I can grab files, with no small amount of effort, from an online file sharing service, and maybe get 2 GB a day. If I network, in person, with people who share similar tastes in music, I can get a lot more bang for the buck. As soon as we see larger portable technologies (It's already happening), trading media will be just like trading games in user groups was back in the 80s and early 90s. We all just bring our 300GB portable disks to meetings, link them all up, and take them home to copy onto our TB home systems.
The only thing that would prevent this from happening is a very rapid growth of broadband, to something like reliable 10Mbit levels. I don't see that happening before hard disk space grows to the sizes I quoted above.
I've had enough abrasive sigs. Kittens are cute and fuzzy.
I don't have a /. account yet, but I do have written a (prototype) P2P agent that uses a 64-dimensional binary space to arrange itself. This allows for non-centralized address resolution in an statistically well distributed network.
Every node takes a random 64-bit number as address (collisions are possible but unlikely with 64 bits) and once seeded searches to position itself within its closest peers. The distance to another node is simply the number of different bits in the address (plus a higher weighting of high bits in case of a tie).
Upon this infrastructure, a group mechanism is implemented, where any member of a group stores all directory information for that group, and a list of known hosts for the identified content, as well as the peers for the next group.
Groups are hierarchically arranged, like a directory. Membership in one group mandates membership in all "higher" groups, up to the "root" group. Therefore, it is possible to navigate through the whole system like through a file directory tree.
Source code is available for the Macintosh (think like "Hotline" without servers). It still has a minor memory leak, limiting stability to a couple of hours, and several other drawbacks that prevent it from becoming full featured, like not being able to reach behind NAT, or limited protection against malevolent nodes.
Ultimately, I stopped development because an IP-to-Content relation can be established and therefore the network is attackable-by-content. If anybody wants to pick it up and push the work ahead, the source (PowerPlant Net classes & UI) is up for grabs. Contact me at "komet163@gmx.net".

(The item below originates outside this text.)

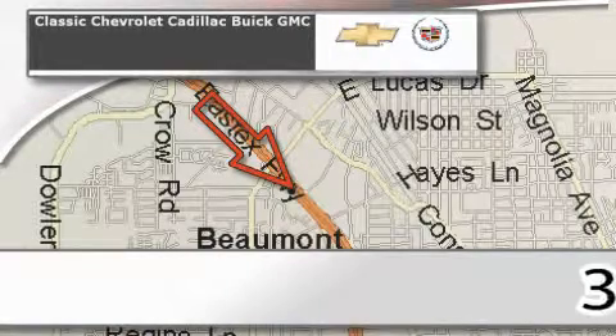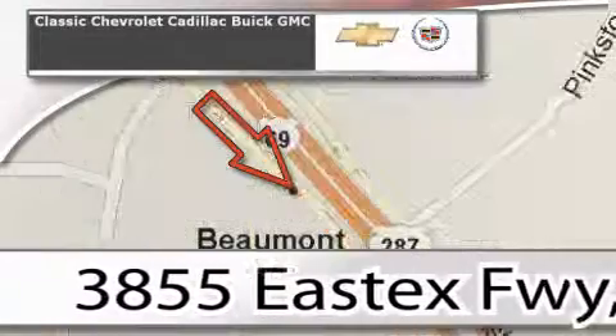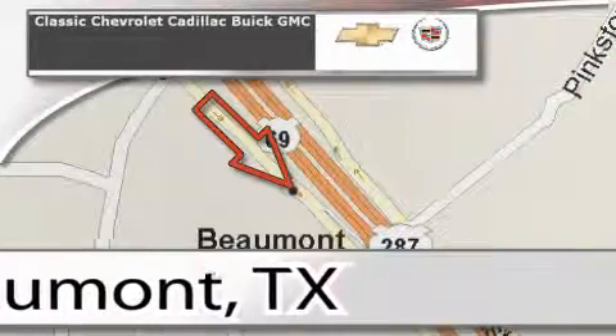Classic Chevrolet Cadillac is conveniently located at 3855 East Tex Freeway in Beaumont. Visit us on the web at ClassicChevroletBeaumont.com, your favorite hometown dealer.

Thought this might interest someone in the context of this multidimensional network discussion...
This shouldn't be too hard (at least it doesn't look too hard sitting here on a Sunday morning, half way through my first cup of liquid brains). The key is to note that we can't (and therefore needn't bother trying to) enforce the topology at all times. Instead, we just want to bias the network towards the desired form. For example:
This should at least be functional; no doubt there are a number of clever hacks that could be made...-- MarkusQ
While I admit I have no clue what the article is talking about (hyper what?), I was under the impression we could already do better than linear scalability with a simple hierarchical P2P network. Just have a dynamic cluster of loosely connected "servers" to which clients maintain a persistent connection to only one. With a little intelligent routing of queries between servers (i.e. don't just spit the querey out to all the other servers you know) you get O(1) scalability at the client side and something (probably significantly) better than O(n) on the server side.